O resultado mantém a tendência de desaceleração observada nos últimos anos. Em 2024, a incidência havia aumentado 6,27 pontos percentuais, de 38,08% para 44,35%, enquanto, em 2025, a alta foi de 3,28 pontos. Em 2026, portanto, o crescimento foi reduzido para menos de meio ponto percentual.
ANÁLISE
De acordo com o levantamento, a desaceleração está associada a um conjunto de fatores. Entre eles estão a melhoria do controle do psilídeo em 2025, com 45% menos psilídeos capturados em relação a 2024, e as condições climáticas menos favoráveis à transmissão da bactéria do greening.
A estratégia de renovação do parque citrícola, com maior eliminação de plantas e pomares em regiões de maior incidência e aumento do plantio em áreas de menor risco, também contribuiu para esse cenário. No período 2025/26, 74% da área erradicada estava concentrada nas regiões mais afetadas pela doença, enquanto 45% do novo plantio ocorreu em regiões de menor risco.
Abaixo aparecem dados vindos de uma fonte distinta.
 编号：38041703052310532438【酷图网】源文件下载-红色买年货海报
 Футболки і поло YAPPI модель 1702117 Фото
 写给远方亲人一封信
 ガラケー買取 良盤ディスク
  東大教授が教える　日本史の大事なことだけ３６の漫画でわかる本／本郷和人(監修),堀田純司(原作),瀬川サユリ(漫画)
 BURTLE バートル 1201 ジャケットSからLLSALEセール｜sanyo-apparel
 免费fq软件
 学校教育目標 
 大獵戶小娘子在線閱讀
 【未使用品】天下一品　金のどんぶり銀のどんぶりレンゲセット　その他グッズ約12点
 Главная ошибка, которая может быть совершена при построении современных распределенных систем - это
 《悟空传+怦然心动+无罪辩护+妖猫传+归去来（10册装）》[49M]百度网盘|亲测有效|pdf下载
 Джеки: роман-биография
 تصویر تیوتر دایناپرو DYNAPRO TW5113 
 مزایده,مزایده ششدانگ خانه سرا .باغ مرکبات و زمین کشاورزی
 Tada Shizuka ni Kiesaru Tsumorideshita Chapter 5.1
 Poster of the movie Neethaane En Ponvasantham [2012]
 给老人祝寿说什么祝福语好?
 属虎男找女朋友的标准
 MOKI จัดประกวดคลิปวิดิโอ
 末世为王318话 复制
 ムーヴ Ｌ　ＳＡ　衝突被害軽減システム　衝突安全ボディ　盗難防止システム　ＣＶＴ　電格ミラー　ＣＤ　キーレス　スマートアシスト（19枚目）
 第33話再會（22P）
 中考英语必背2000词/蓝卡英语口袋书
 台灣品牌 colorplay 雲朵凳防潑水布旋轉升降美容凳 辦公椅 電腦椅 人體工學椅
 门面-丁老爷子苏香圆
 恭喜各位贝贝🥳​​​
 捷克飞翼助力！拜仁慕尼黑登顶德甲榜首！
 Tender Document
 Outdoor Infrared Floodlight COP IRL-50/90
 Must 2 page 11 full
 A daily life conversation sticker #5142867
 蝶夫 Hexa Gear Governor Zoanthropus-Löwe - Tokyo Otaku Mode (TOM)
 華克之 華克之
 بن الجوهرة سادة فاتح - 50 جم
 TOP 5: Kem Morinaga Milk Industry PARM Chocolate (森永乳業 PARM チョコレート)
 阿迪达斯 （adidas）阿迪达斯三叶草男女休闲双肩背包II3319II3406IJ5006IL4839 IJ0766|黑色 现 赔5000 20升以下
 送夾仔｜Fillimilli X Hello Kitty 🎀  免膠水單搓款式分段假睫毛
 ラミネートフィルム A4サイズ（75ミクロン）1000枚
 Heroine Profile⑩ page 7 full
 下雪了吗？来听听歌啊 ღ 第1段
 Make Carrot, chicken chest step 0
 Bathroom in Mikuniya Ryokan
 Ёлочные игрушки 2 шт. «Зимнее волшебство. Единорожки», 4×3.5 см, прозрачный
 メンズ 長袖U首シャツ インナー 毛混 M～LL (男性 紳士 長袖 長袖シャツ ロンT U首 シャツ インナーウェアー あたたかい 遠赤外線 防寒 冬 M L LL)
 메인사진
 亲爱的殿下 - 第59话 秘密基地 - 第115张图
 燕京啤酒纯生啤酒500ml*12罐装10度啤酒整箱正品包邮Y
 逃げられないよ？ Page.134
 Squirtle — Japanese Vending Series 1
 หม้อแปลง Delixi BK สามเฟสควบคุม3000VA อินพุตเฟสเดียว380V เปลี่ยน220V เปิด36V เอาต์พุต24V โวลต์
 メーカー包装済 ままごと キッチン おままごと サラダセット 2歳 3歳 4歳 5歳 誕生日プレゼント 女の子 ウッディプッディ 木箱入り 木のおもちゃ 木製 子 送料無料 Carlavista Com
Ao todo, foram registrados 17.821 hectares de novos plantios e 12.504 hectares de erradicação no cinturão citrícola.
PLANTAS JOVENS
Outro indicativo positivo aparece na incidência entre as plantas mais jovens. Em laranjeiras de até dois anos, a proporção de plantas sintomáticas teve um pequeno aumento, de 2,72% em 2025 para 3,03% em 2026. Nas plantas de três a cinco anos, a incidência caiu de 39,18% para 29,50% no mesmo período. O levantamento relaciona esse comportamento à menor população de psilídeo, à eliminação de plantas doentes mais novas e ao plantio em áreas de menor risco.
Já nos pomares mais velhos, acima de 10 anos, nos quais a eliminação de plantas sintomáticas pelo produtor é menor, a incidência aumentou de 58,43% em 2025 para 63,27% em 2026.
SEVERIDADE
Apesar da desaceleração da incidência, a severidade do greening continua aumentando nas plantas que permanecem no campo. A severidade média passou de 22,7% para 27,0%, considerando pomares de todas as idades, e de 25,9% para 31,0%, quando considerados apenas os pomares em produção.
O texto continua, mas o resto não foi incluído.